Best explanations ever, it takes just 12 minutes and worth for every second. Thank you👍
Thanks
thank you so much! Appreciate the support!
Dude can't imagine how this did help me a lot, big thanks ❤
Your videos are fantastic, thanks a lot for putting these out.
thanks , i appreciate that!
Beautiful video.
That is very useful, thank you for sharing. Lovely video!
Thanks!
Hi Dr. Wood!
This is nifty.
First of all, i like this videos.🙂 because, your video is almost the only one which talking about remez algo that i have found. And, because, this "only one that i found" is very detailed, professional and with good examples. However, as a foreigner, more references(like slids or pdf file) are welcomed, and that will help me a lot.
Your vedio is very claer, and the examples provided helps me to understand the whole algorithm and min max approximation. Excellent.Thanks for your sharing.
Is there a proof of the first theorem? Why should the minimal generate error terms like that?
there are proofs for everything here in MJD Powell's "Approximation theory and methods" including the characterisation theorem, the inequality for the bound on |h|, proof of convergence of the exchange algorithm etc. The characterisation theorem actually applies not just to polynomials but a wider class of functions which satisfy a set of conditions called the "Haar conditions", but didn't want to complicate the video too much! As for why the error terms behave like that I don't have a great intuition beyond a straight line where it's easy to verify by playing around a bit. I feel like it has something to do with the number of minima and maxima of a polynomial increasing with its degree but can't say much beyond that i'm afraid!

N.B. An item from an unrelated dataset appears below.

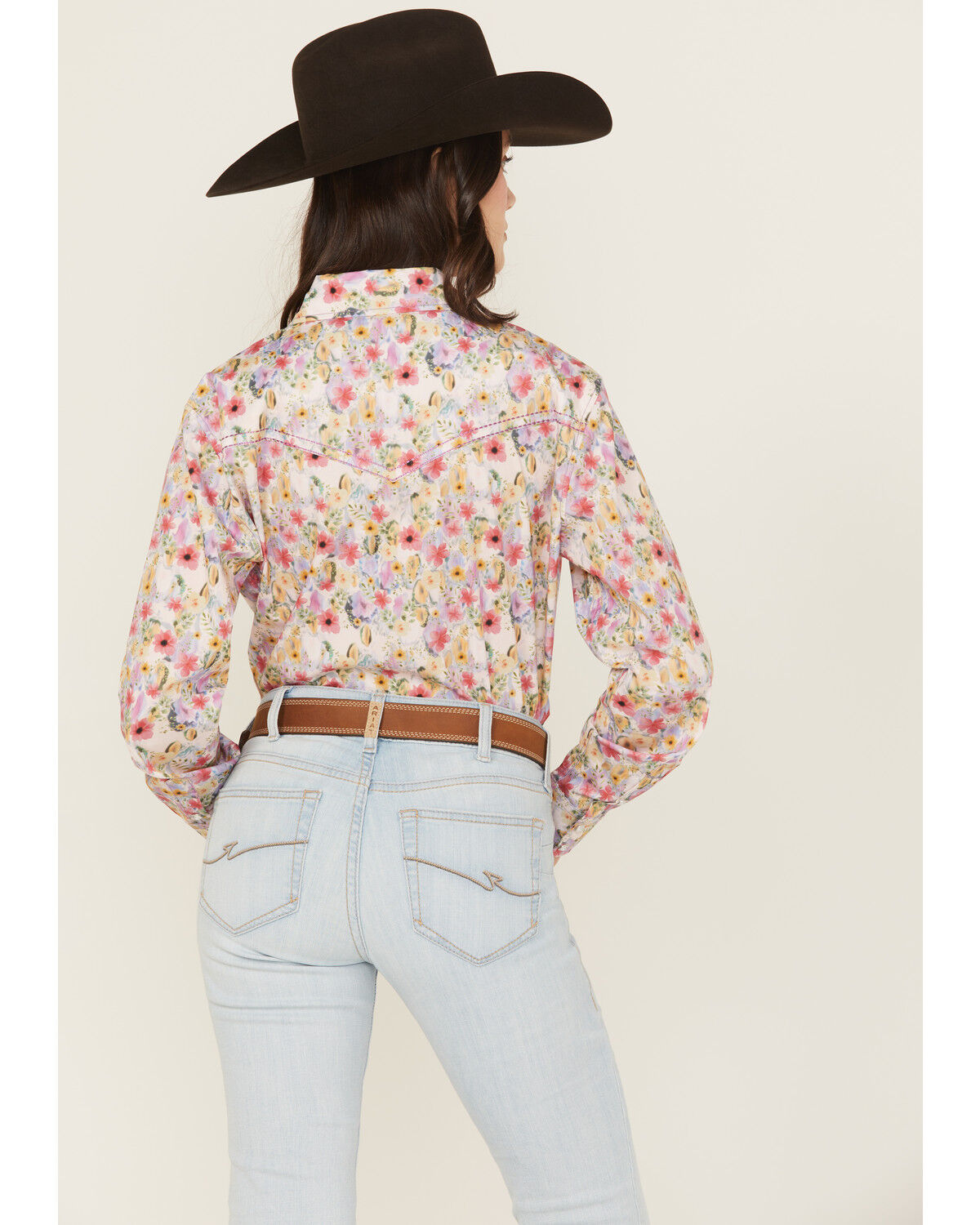 Cowgirl Hardware Women's Floral Monet Long Sleeve Snap Stretch Western Shirt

I got lost when at 3:05 he called it a 4th order polynomial P(x), but you can see from the visual that P(x) must be at least a 5th degree polynomial, due to P'(x) = 0 for 4 different x values in the given interval (or you can notice that the end behaviors are approaching opposite infinities, i.e. odd degree =/= 4th degree). Am i missing something? I'm assuming "order" and "degree" mean the same thing for this polynomial context
Awesome!
Lovely
0:41 nom nom nomnom
😜Im sorry. The video was very informative👍
@DrWillWood 10:34 Should be 0.073, instead of 0.73.
1:13 idk like y=1/2 or smth
Once you realise that there is a background music, I can no longer follow the mathematics. I try to follow the music. Why do they that?
5:53 power of interpolation
manim?
regards from Chile!
Well spotted! Manim is used for the repeated iterations of the exchange algorithm. the rest is done in keynote!